I totally only read this book to finish the story; I’d kind of given up on The Alchemist Who Survived Now Dreams of a Quiet City Life but I wanted to see how the main group of heroes would save the day as they inevitably would (and did). One of the only reasons this conclusion to the question of will they be bale to defeat the Labyrinth and how isn’t a bad finish is because there’s not much of either Mariela or Sieg. Throughout the series Mariela is supposedly this amazing alchemist with powers far beyond what anyone in the current time and places could imagine, but she’s an airhead with very little personality. As Sieg himself points out, she genuinely is pretty unintelligent; really, the only reason Mariella is of any interest to anyone is because thanks to her memory and education in a time when alchemy was well known and common, and she had a powerful teacher who herself has very little to recommend her except buckets of magical power, Mariela is the only alchemist who has enough knowledge and connections to the magical power necessary for advanced alchemy. Had Mariela not been born a few centuries earlier and gotten stuck in magical suspended animation, she’d be virtually invisible to most everyone in the story.
Only in volume 5 of the light novel series does this become recognizable by the characters in the story. The actual defeating of the Labyrinth is done by General Leonhardt and some of the Black Iron Freight Corps which makes sense given that they’re warriors, but the final stages of the dungeon and the monsters are vague and the plot basically gives up for a while at that point. The play that gets made of the final story apparently takes what happens and gives it a tragic twist that is both true but only in terms of what happened, not necessarily what it meant to those involved.
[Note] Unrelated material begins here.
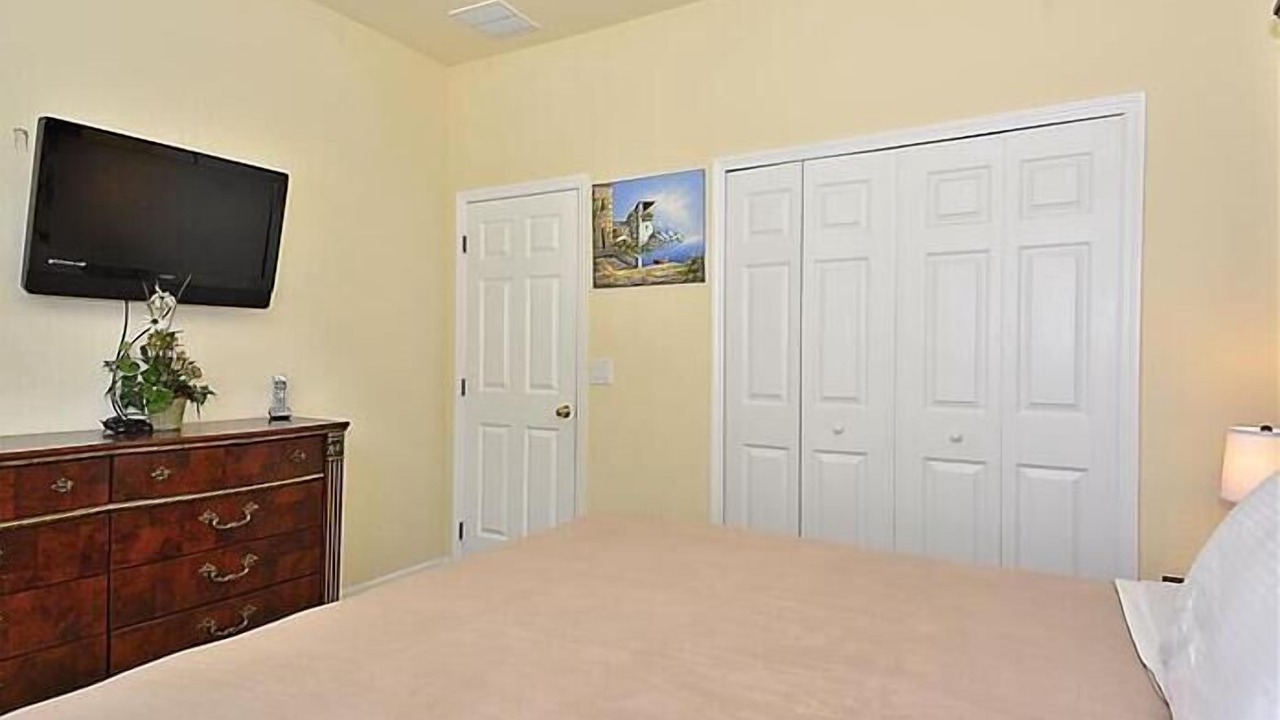 Photo of Bedroom in Loughman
Basically, Mariela pulls off a super potion that has some very consequential side effects, which was a known thing before everyone drank it.
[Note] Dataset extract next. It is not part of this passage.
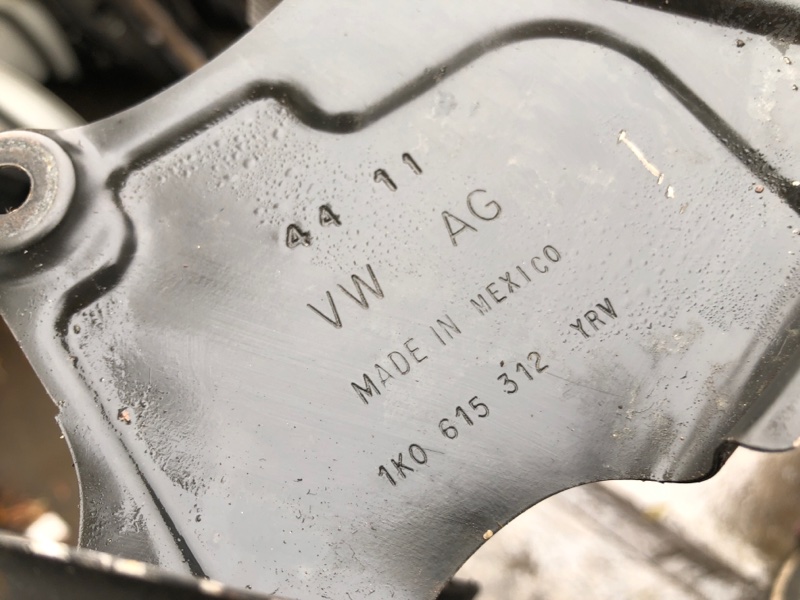 Захист гальмівного диска передній правий VOLKSWAGEN PASSAT B7 11-15 1K0 615 312 F — 3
Even the part about saving Endalsia (the spirit, not the country, but that too in a way) seems like a rushed add on; it’s not like it isn’t obvious what would happen, really just a matter of when and how. The how wasn’t that interesting or suspenseful either, mostly because neither Mariela nor Freya have much depth or character. In the end, everyone is basically normalized in a power loss that means the whole world including them is about to see how well everyone can do without being super-powered. Do I care about this? Not really. If no one has much personality anyways, what’s the point?
Do I care at all about the probably continuation and the search for where Freya might have disappeared to after giving Mariela all her alchemical power, and maybe figuring out what her game was the whole time? Nope.